Moree Miss NAIDOC Princesses were in for a spiritual awakening on Thursday as the entrants made their way to Terry Hie Hie to learn about their cultural history.
The excursion to Terry Hie Hie marked the fourth day of the Moree Miss NAIDOC Princesses Program.
Despite a last minute cancellation from tour-guides “Sisters Under the Skin”, trip organiser Blossom Pitt managed to salvage the situation on the day.
“When the girls and I arrived at the site, the parks and wildlife guy just so happened to be there. He had just finished giving a tour to a group of school children and he said he would be more than happy to give us one!”
Terry Hie Hie holds immense historical and cultural significance for the Aboriginal community.
According to Ms Pitt, the carving stones at the site date back thousands of years and offer a glimpse into the life of the Aboriginal ancestors.
“The carving stones were used to make things like weapons or tools, or to sharpen objects. They’ve been there for over 60,000 years,” Ms Pitt said.
At the cemetery, Ms Pitt and the princesses paid tribute to King Billy Balo and Queen Maggie Balo.
Ms Pitt noted that her grandfather Thomas Pitt is also buried at the site, and that he rests among other ancestors who are related to the princesses.
“It was very emotional,” Ms Pitt said.
“Some of the Elders decided to wait on the bus, as a way of showing respect to the spirits. They didn’t want to disturb the cemetery.”

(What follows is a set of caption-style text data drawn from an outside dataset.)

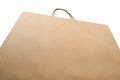 Low angle of brown recycle shopping bag with handles on white ba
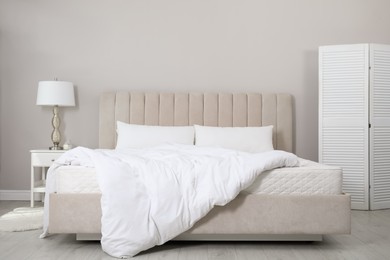 Comfortable bed with soft white mattress, blanket and pillows indoors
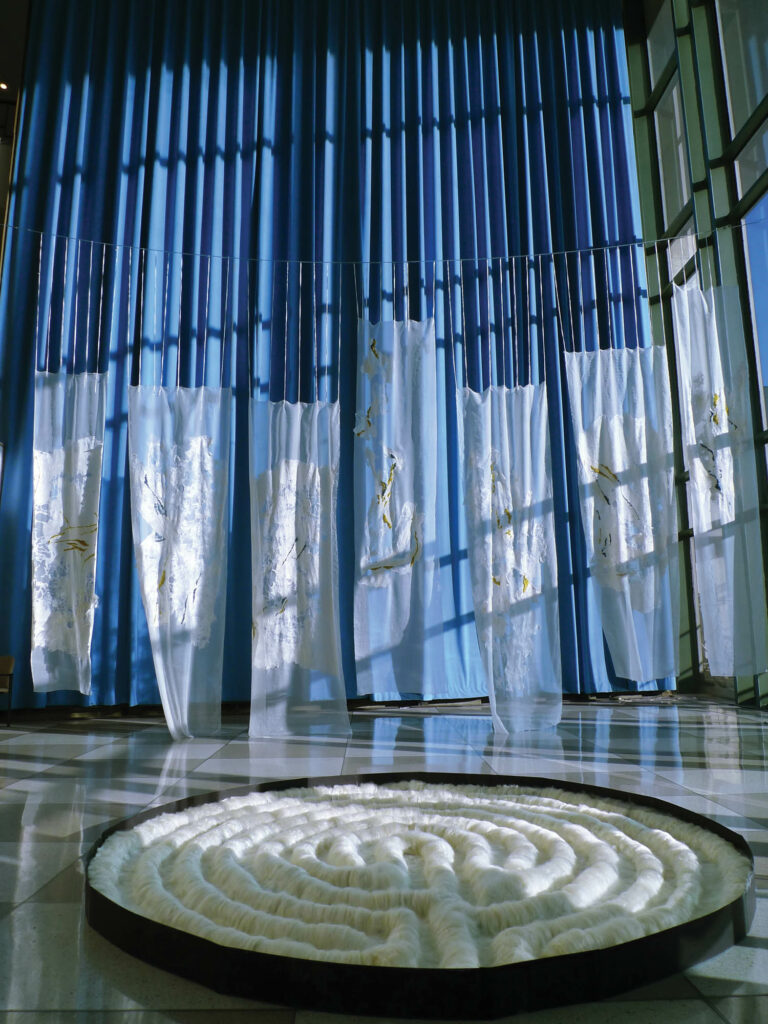 A white maze like collection of textiles as part of an un­titled 2011 work by Claudy Jongstra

The group emulated the feeling of reverence and kept to the boundary of the cemetery
“We just didn’t want to tread on something that we shouldn’t,” Ms Pitt said.
At the Bora Rings, the group also kept to the outskirts.
“It’s definitely a sacred site that has protocols to entering it,” Ms Pitt said.
“A female cannot enter a male Bora Ring, and a male cannot enter a female one. We weren’t quite sure which ring it belonged to, so we kept a distance.”
Ms Pitt said the Bora Ring was a place used for many reasons, such as initiations or a place of mourning.
While Terry Hie Hie is only a stone’s throw way east of Moree, Ms Pitt said many locals had never visited the site before.
“The women absolutely loved it. They were saying things like we didn’t know about this, or that part of their history. They were so intrigued.”
Ms Pitt said a lack of opportunity was more often than not the main reason for the unpaid visits.
“There should be more tours out there. The Moree community should gain a knowledge about what actually happened. It’s part of our history.”
Ms Pitt thanked Salvation Army’s Jason for transportation to the site, Aboriginal Employment Strategy for the provision of lunch and pastor Henry Weatherall.